— Try it —
Collect all lines containing the word "chatting" from the data.
══ Material for this exercise ══
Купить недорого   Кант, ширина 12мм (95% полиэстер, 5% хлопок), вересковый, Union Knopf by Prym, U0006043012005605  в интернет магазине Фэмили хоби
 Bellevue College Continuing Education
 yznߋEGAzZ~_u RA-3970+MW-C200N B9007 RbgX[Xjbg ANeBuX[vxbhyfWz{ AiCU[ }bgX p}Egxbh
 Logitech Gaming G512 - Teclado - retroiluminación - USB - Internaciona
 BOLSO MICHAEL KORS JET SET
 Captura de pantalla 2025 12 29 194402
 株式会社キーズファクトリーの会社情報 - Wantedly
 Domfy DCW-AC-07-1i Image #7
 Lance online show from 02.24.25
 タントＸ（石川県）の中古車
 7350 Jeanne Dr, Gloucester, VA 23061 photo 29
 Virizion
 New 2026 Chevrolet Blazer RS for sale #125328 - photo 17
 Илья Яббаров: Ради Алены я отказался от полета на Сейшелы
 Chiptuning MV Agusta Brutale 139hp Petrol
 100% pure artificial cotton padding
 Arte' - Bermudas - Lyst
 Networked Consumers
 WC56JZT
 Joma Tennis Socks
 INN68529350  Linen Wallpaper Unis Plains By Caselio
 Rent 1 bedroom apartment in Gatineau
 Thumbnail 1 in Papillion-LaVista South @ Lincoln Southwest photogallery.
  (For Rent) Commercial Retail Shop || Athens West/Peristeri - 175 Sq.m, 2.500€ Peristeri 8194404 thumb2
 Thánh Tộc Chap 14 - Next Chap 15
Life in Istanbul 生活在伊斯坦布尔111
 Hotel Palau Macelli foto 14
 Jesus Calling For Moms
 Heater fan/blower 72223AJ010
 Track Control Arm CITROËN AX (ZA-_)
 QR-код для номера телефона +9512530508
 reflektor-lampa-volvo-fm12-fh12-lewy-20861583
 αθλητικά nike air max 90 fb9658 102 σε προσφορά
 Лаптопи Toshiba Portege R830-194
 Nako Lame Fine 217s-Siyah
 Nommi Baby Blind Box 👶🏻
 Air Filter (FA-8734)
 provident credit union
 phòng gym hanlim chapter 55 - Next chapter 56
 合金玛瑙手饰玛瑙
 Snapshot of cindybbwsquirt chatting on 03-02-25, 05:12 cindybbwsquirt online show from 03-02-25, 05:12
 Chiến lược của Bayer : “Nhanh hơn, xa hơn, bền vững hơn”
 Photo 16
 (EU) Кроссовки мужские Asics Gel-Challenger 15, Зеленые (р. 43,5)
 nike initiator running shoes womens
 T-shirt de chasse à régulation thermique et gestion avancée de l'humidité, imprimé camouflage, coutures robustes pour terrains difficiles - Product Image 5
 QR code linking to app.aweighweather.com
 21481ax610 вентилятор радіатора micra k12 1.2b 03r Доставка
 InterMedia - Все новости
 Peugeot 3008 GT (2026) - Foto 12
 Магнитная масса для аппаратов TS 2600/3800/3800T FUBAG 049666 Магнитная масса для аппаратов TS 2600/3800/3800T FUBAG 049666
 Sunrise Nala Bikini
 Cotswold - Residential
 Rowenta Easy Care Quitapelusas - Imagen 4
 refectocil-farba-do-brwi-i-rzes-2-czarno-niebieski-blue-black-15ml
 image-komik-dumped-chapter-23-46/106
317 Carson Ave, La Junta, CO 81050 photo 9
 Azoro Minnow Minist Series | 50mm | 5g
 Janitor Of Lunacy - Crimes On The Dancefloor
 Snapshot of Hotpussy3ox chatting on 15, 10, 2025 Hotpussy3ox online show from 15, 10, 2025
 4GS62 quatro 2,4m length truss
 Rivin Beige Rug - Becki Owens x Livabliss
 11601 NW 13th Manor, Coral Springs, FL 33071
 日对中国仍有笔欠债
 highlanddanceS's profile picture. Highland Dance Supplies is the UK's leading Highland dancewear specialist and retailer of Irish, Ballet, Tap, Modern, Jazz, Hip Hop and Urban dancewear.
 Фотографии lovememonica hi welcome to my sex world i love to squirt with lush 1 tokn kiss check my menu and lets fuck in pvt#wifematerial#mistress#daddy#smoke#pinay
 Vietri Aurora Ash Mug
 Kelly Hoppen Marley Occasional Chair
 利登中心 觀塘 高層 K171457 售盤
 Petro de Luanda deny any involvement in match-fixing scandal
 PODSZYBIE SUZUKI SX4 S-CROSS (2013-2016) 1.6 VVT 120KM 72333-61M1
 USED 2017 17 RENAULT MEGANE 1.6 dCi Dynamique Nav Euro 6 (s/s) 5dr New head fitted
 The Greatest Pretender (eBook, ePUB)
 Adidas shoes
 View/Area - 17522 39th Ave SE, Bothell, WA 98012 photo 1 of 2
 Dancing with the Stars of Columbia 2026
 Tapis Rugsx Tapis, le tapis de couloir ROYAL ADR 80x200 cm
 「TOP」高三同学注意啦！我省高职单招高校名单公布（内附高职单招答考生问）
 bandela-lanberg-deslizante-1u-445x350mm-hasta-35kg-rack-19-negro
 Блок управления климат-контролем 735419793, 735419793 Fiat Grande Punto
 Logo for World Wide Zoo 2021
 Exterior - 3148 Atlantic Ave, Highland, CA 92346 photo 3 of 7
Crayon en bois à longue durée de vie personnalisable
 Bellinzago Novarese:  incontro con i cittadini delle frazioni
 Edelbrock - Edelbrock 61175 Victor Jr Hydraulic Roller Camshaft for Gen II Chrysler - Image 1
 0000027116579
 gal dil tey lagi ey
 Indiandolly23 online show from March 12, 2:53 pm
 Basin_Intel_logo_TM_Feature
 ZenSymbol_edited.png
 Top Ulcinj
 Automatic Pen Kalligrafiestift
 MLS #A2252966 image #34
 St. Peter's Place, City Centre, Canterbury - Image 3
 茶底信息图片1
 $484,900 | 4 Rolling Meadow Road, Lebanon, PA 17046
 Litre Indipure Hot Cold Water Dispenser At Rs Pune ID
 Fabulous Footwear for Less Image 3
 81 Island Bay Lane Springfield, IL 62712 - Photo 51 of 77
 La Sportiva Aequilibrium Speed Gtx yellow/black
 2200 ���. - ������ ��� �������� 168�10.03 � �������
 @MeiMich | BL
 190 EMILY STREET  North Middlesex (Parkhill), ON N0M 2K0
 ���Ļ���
═══
— Your solution —
 Snapshot of cindybbwsquirt chatting on 03-02-25, 05:12 cindybbwsquirt online show from 03-02-25, 05:12
 Snapshot of Hotpussy3ox chatting on 15, 10, 2025 Hotpussy3ox online show from 15, 10, 2025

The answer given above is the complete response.